#### WHAT TO PRODUCE:
Would you return the lines between the one holding "In this video" and the one holding "So just ask", inclusive, and only those, exactly as they stand in the listing below?

#### THE INPUT:
*** Begin section ***

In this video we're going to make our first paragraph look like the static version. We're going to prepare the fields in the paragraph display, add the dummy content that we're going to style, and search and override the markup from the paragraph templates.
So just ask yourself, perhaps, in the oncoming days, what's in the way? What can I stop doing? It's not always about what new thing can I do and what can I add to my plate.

*** End section ***
*** Begin section ***

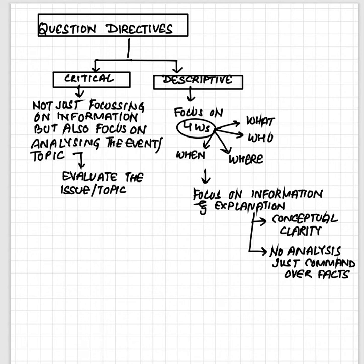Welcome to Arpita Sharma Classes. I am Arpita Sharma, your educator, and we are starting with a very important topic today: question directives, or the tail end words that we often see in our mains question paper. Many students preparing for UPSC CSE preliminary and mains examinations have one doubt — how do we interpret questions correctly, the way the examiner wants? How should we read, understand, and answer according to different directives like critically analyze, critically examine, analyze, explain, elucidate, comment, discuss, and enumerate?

*** End section ***
*** Begin section ***

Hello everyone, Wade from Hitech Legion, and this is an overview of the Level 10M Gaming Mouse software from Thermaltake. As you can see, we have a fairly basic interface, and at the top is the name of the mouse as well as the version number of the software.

*** End section ***

#### RESULT FOR THIS EXERCISE:
In this video we're going to make our first paragraph look like the static version. We're going to prepare the fields in the paragraph display, add the dummy content that we're going to style, and search and override the markup from the paragraph templates.
So just ask yourself, perhaps, in the oncoming days, what's in the way? What can I stop doing? It's not always about what new thing can I do and what can I add to my plate.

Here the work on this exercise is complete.